Publications des agents du Cirad


GeoDict: an integrated gazetteer

Fize J., Shrivastava G.. 2017. In : Francesca Frontini (ed.), Larisa Grcic Simeunovic(ed.), ¿pela Vintar(ed.), Fahad Khan(ed.), Artemis Parvisi(ed.). Proceedings of Language, Ontology, Terminology and Knowledge Structures Workshop (LOTKS 2017). Montpellier : Association for Computational Linguistics, p. 31-41. Language, Ontology, Terminology and Knowledge Structures Workshop (LOTKS 2017), Montpellier (France).

DOI: 10.18167/DVN1/MWQQOQ

Nowadays, spatial analysis in text is widely considered as important for both researchers and users. In certain fields such as epidemiology, the extraction of spatial information in text is crucial and both resources and methods are necessary.
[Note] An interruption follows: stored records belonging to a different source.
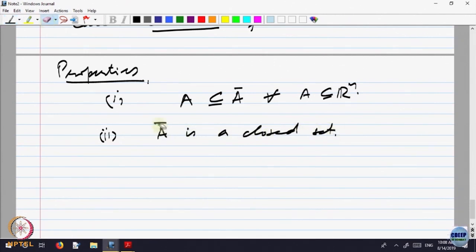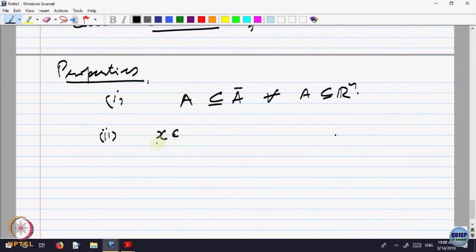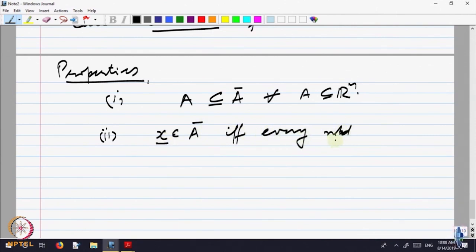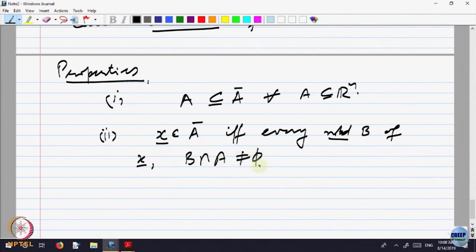Before that, let me write something useful. x belongs to A-bar if and only if every neighbourhood B of x has the property that B intersection A is non-empty. We are giving a characterization of the points in A-bar in terms of a property of the neighbourhoods of that point.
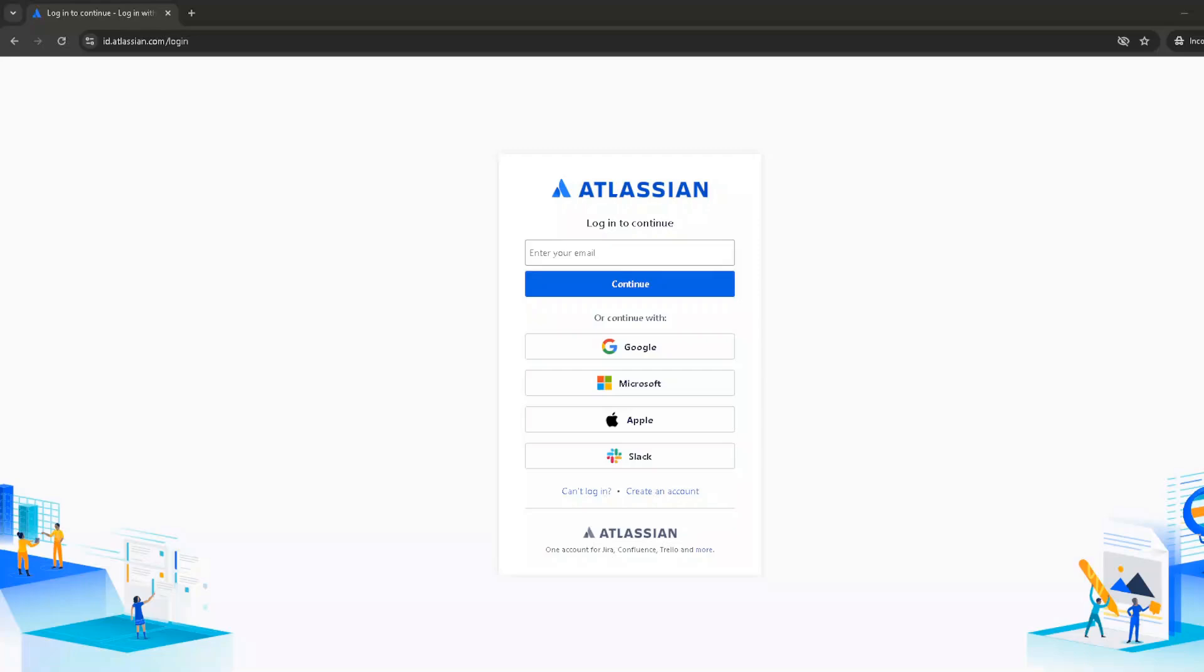In today's video, I'm going to teach you how to add a tab on a Confluence page. First off, let's navigate to the Confluence website.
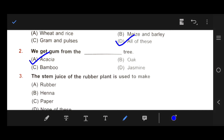Number 3: The stem juice of the rubber plant is used to make — Option A: rubber, Option B: henna, Option C: paper, Option D: none of these. Our right answer is A, rubber. We get rubber juice from the rubber tree.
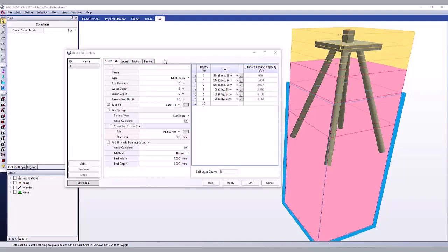In S Foundation Professional, soil profiles can model the lateral friction and bearing springs along pile members. Pile springs can be entered as linear or non-linear springs.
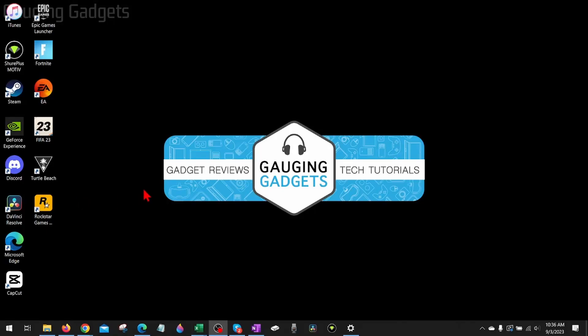How to activate Windows 10. Welcome to another Gauging Gadgets Windows 10 tutorial video. In this video I'm going to show you how to easily activate Windows 10 by entering your product key.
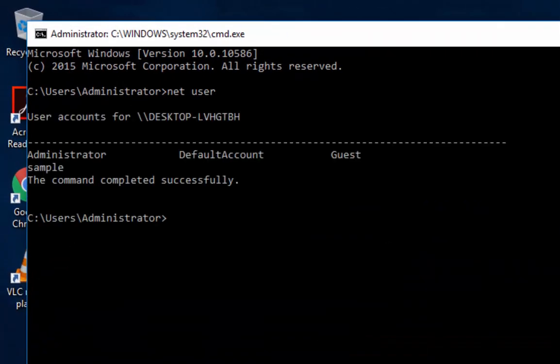The net user, if you just type that in your command prompt, you're going to have a list of the accounts that are on your computer, so you're going to have the administrator, the default account, the guest account, and then I created the sample account.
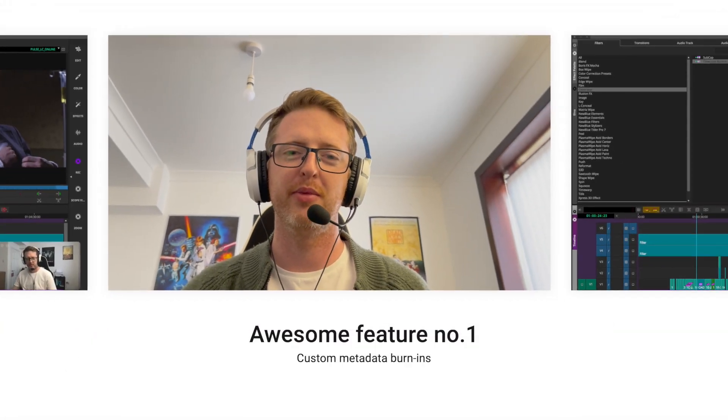Without further ado let's dive right into the video. Hope you enjoy it and give me that like and bell.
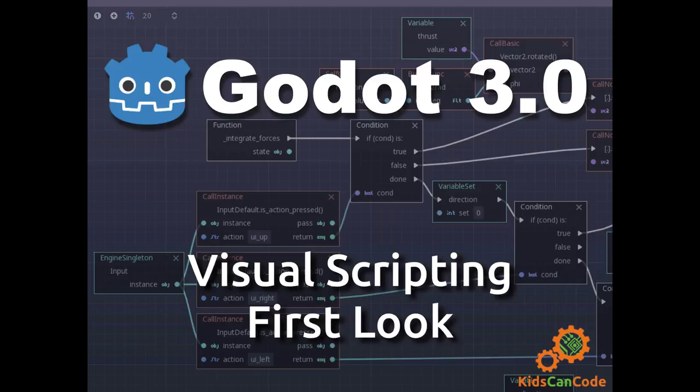Hello and welcome to another Godot game engine tutorial. In this video we're going to take a look at the new visual scripting feature of Godot 3.0.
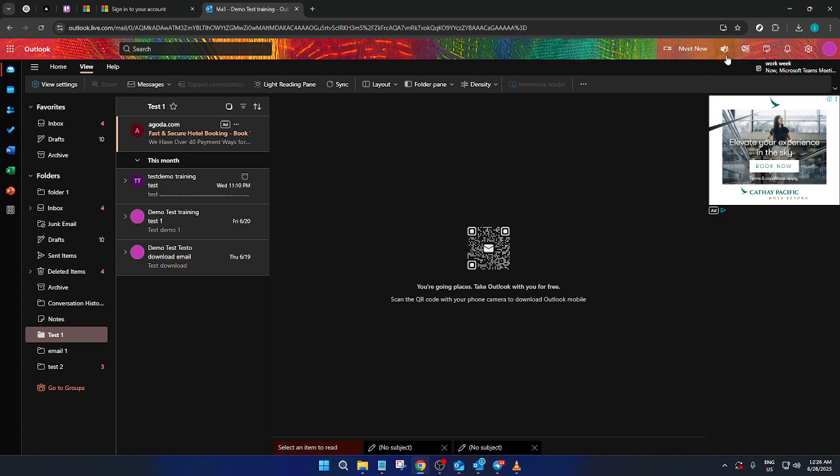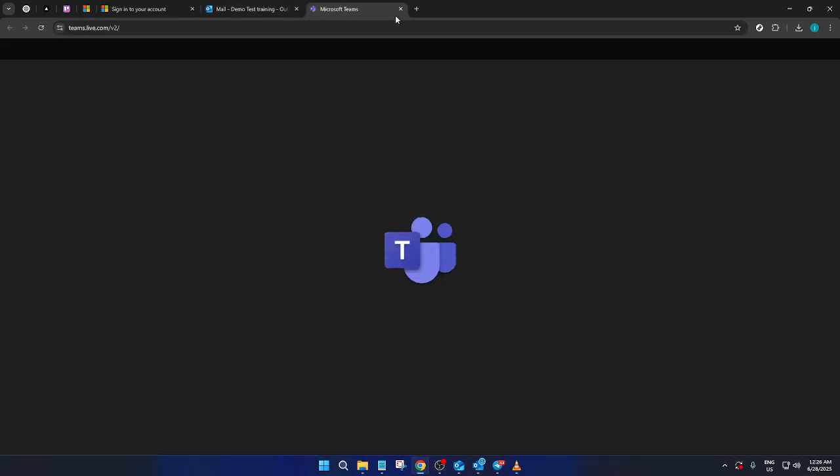Direct your attention to the top right corner of the Outlook interface. Here, you'll notice an assortment of icons and one of them will be for Teams. Give that a click and you'll find yourself on the Microsoft Teams dashboard. It's as straightforward as that.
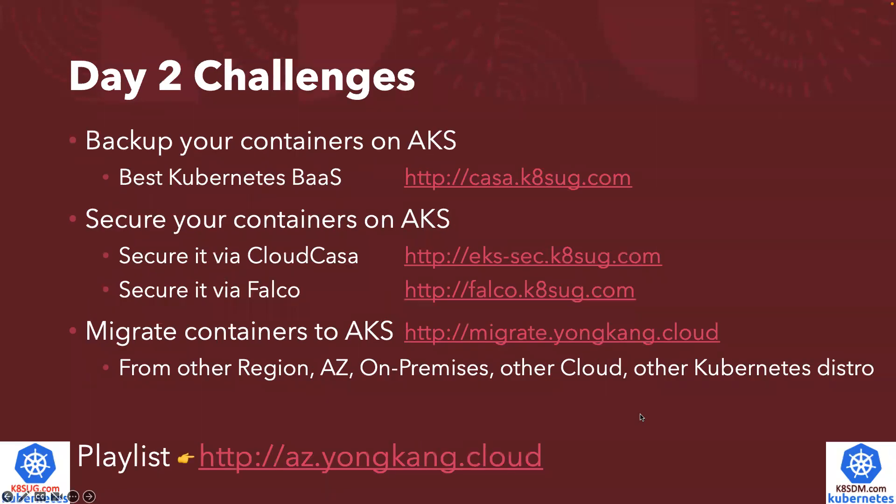Before I wrap up today's session, just to highlight, there are a few day-to-day challenges for customers using Kubernetes clusters running their containers. Number one is how to backup your containers on AKS. I do have a YouTube video to show you how you can leverage the best Kubernetes backup as a service tool to backup your containers.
In most of spatial analysis process, gazetteer is a commonly used resource. A gazetteer is a data source where toponyms (place name) are associated with concepts and their geographic footprint. Unfortunately, most of publicly available gazetteer are incomplete due to their initial purpose. Hence, we propose Geodict, an integrated gazetteer that contains basic yet precise information (multilingual labels, administrative boundaries polygon, etc.) which can be customized. We show its utility when using it for geoparsing (extraction of spatial entities in text). Early evaluation on toponym resolution shows promising results.